Image-caption web data:
------------------------
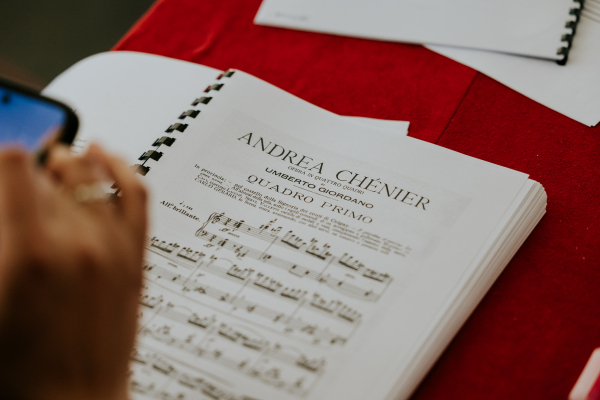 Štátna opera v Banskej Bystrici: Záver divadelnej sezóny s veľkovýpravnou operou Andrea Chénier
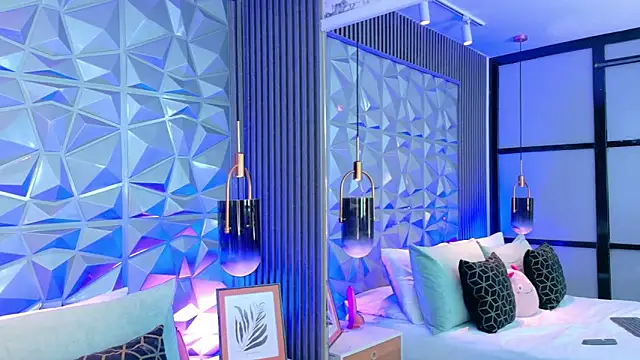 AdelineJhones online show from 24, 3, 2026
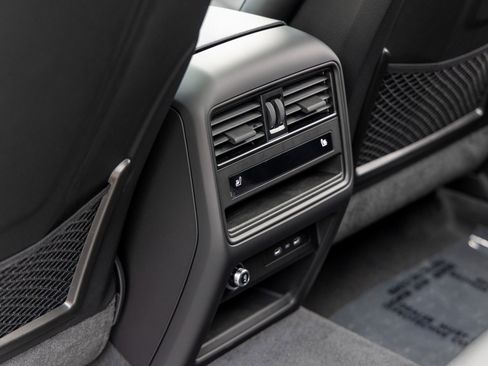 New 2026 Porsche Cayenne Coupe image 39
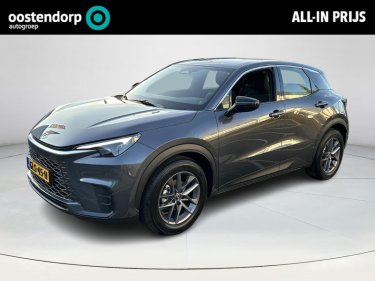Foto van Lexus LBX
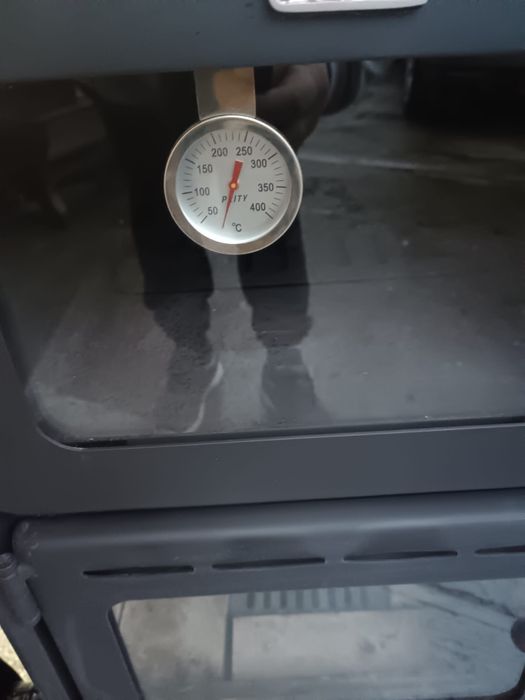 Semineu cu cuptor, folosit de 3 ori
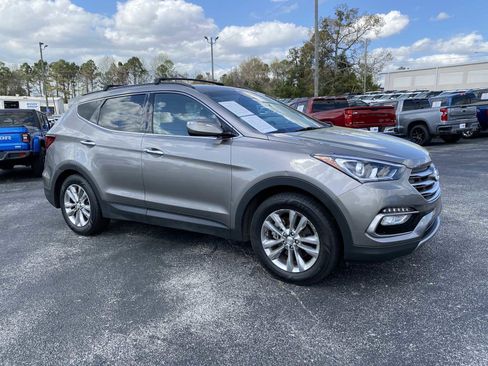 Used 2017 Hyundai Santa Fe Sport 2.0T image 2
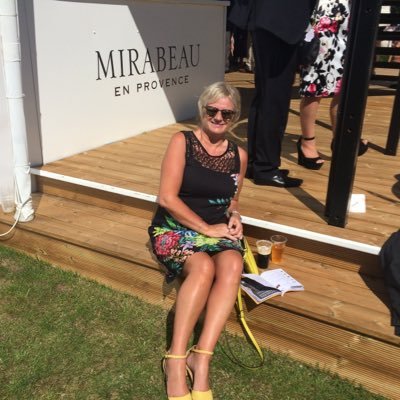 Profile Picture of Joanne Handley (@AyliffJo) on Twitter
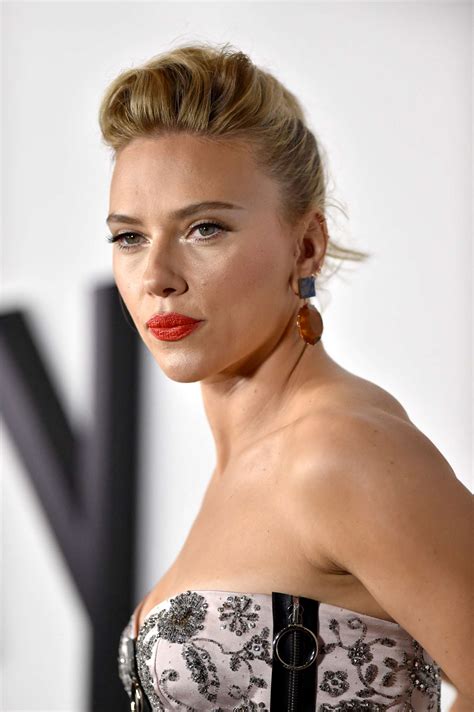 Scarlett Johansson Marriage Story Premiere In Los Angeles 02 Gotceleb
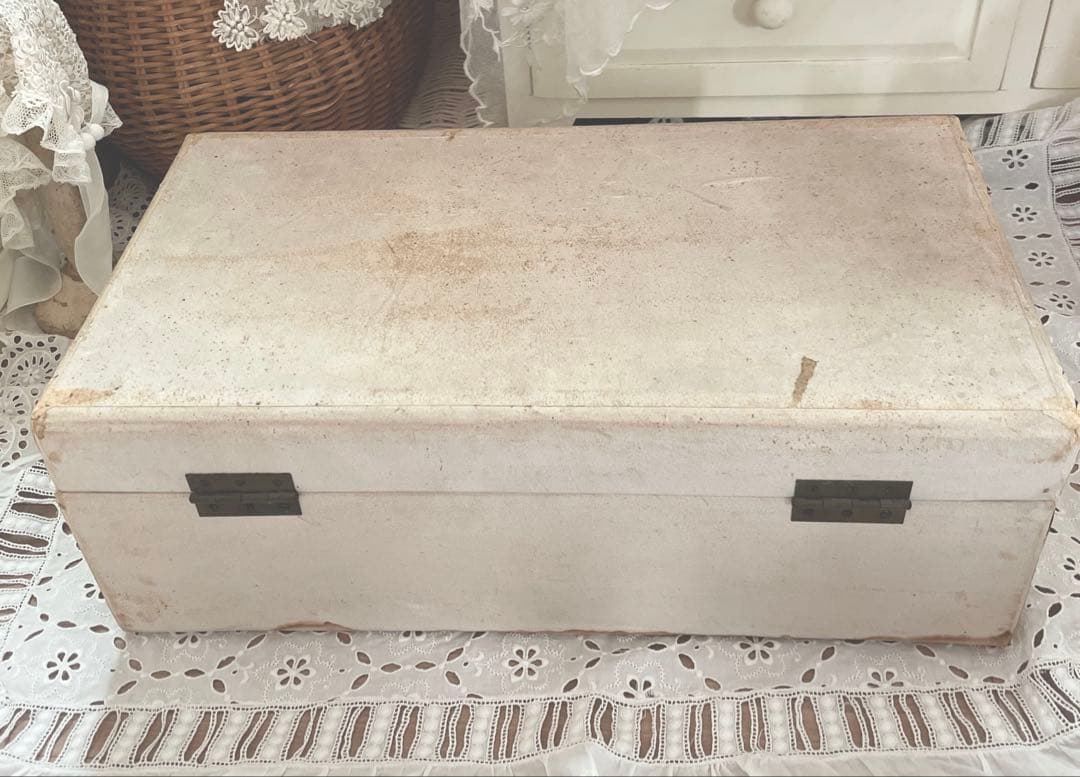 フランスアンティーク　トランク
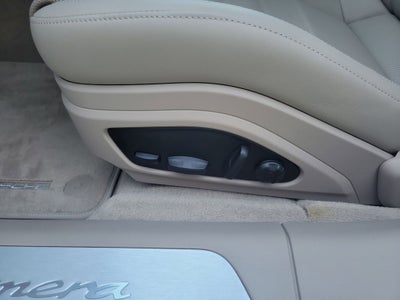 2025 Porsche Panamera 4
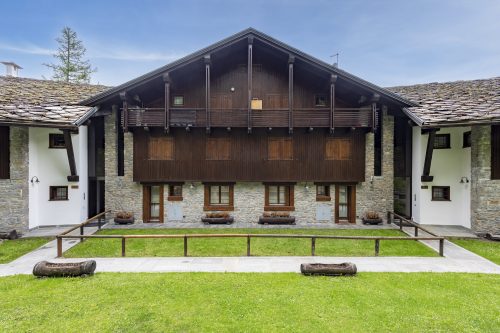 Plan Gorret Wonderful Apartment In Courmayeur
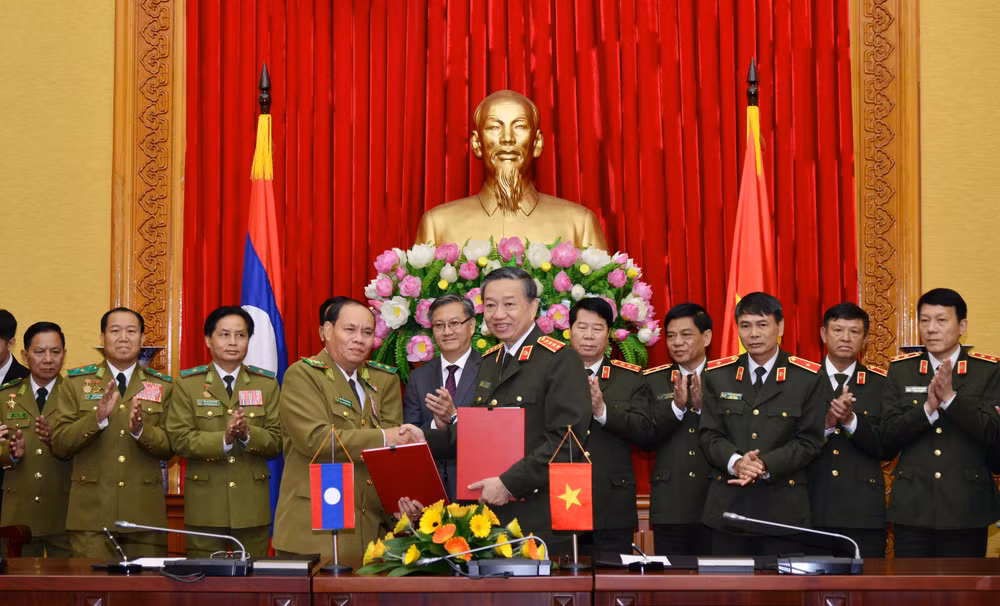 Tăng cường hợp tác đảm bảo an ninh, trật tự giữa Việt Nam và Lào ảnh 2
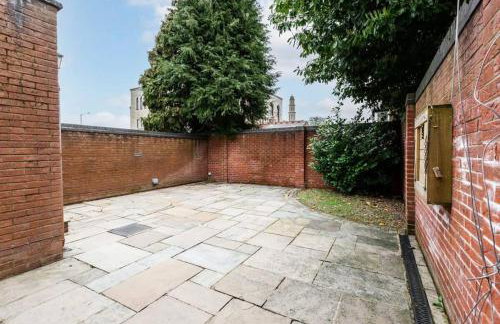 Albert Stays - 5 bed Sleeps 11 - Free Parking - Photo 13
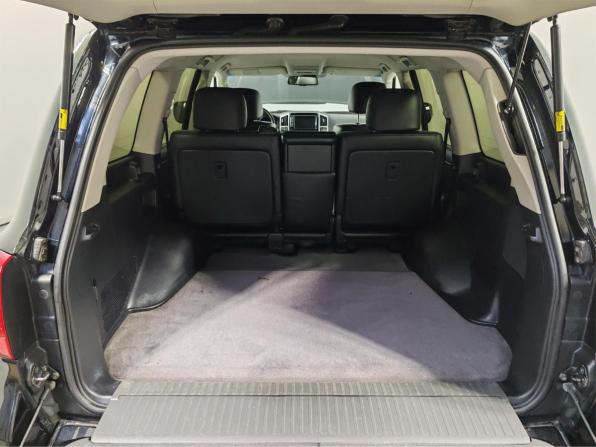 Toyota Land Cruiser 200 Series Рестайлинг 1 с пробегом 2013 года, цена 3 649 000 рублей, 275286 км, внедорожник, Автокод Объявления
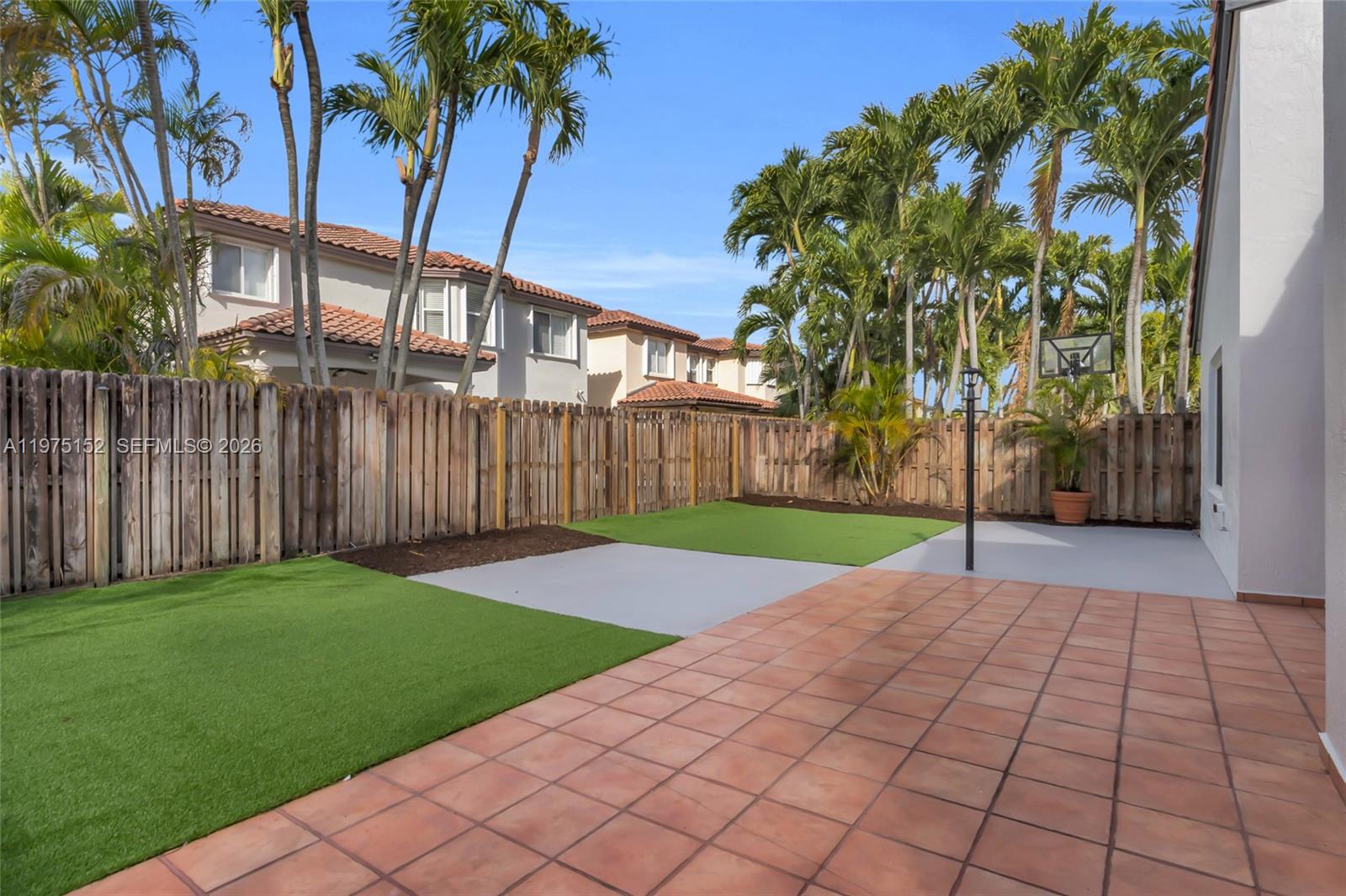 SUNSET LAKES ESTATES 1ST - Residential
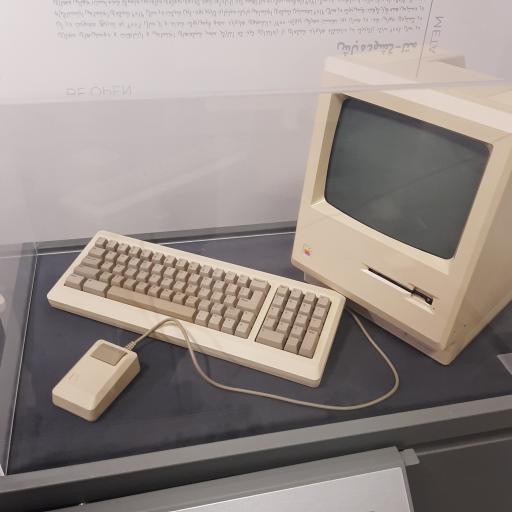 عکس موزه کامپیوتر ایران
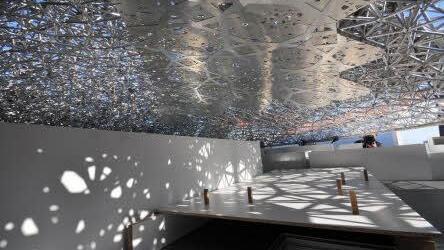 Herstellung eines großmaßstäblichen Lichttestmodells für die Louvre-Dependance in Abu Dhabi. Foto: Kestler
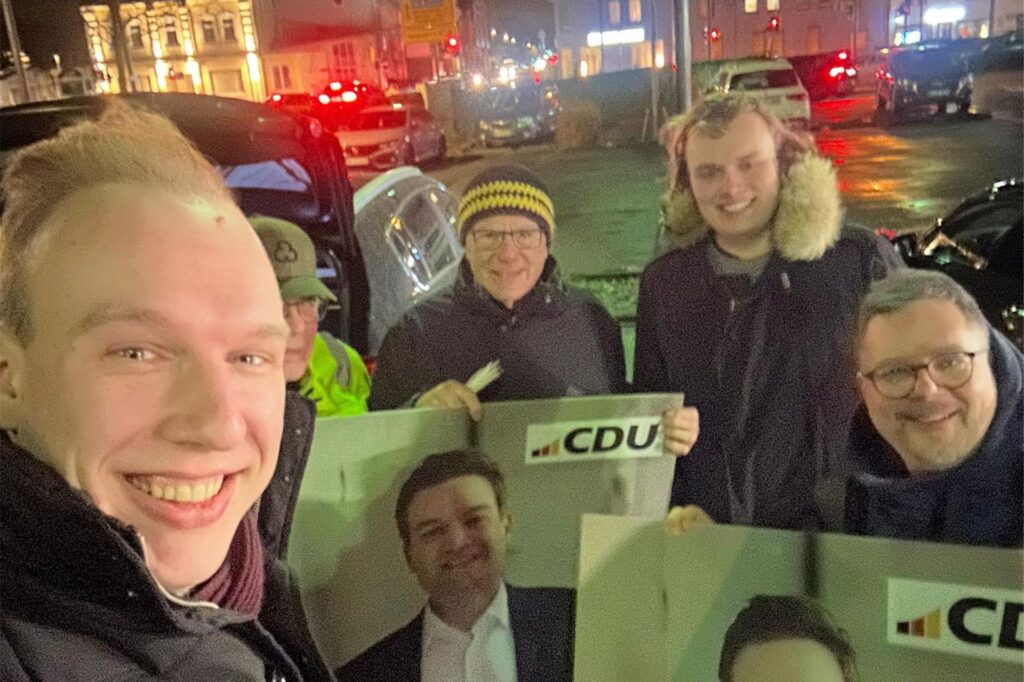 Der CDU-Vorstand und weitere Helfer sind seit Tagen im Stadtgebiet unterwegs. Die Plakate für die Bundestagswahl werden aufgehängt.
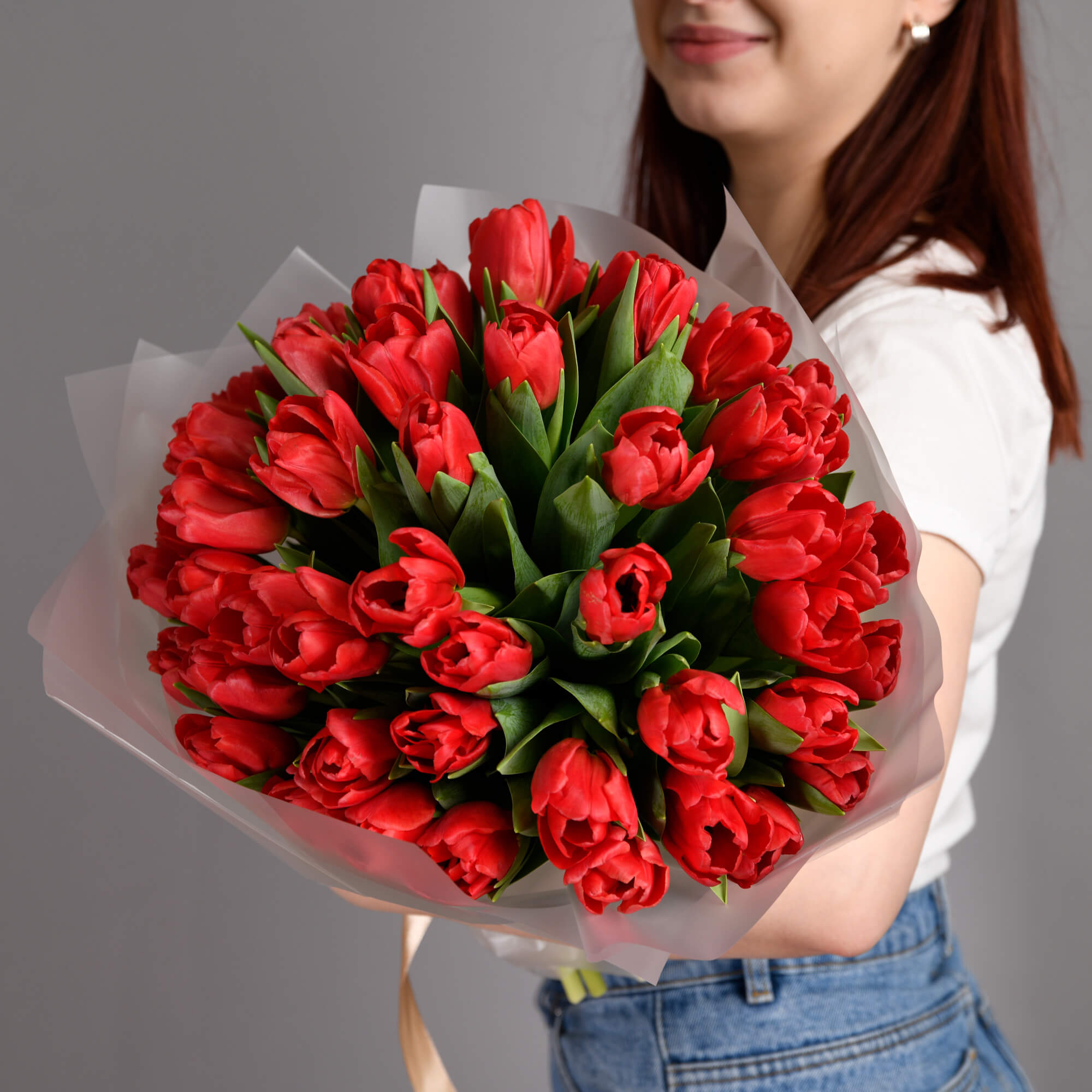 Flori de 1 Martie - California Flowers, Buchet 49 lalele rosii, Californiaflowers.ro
------------------------
WORK INSTRUCTION:
The records above are to be restated word for word, excluding all pictures.

YOUR SOLUTION:
 Štátna opera v Banskej Bystrici: Záver divadelnej sezóny s veľkovýpravnou operou Andrea Chénier
 AdelineJhones online show from 24, 3, 2026
 New 2026 Porsche Cayenne Coupe image 39
Foto van Lexus LBX
 Semineu cu cuptor, folosit de 3 ori
 Used 2017 Hyundai Santa Fe Sport 2.0T image 2
 Profile Picture of Joanne Handley (@AyliffJo) on Twitter
 Scarlett Johansson Marriage Story Premiere In Los Angeles 02 Gotceleb
 フランスアンティーク　トランク
 2025 Porsche Panamera 4
 Plan Gorret Wonderful Apartment In Courmayeur
 Tăng cường hợp tác đảm bảo an ninh, trật tự giữa Việt Nam và Lào ảnh 2
 Albert Stays - 5 bed Sleeps 11 - Free Parking - Photo 13
 Toyota Land Cruiser 200 Series Рестайлинг 1 с пробегом 2013 года, цена 3 649 000 рублей, 275286 км, внедорожник, Автокод Объявления
 SUNSET LAKES ESTATES 1ST - Residential
 عکس موزه کامپیوتر ایران
 Herstellung eines großmaßstäblichen Lichttestmodells für die Louvre-Dependance in Abu Dhabi. Foto: Kestler
 Der CDU-Vorstand und weitere Helfer sind seit Tagen im Stadtgebiet unterwegs. Die Plakate für die Bundestagswahl werden aufgehängt.
 Flori de 1 Martie - California Flowers, Buchet 49 lalele rosii, Californiaflowers.ro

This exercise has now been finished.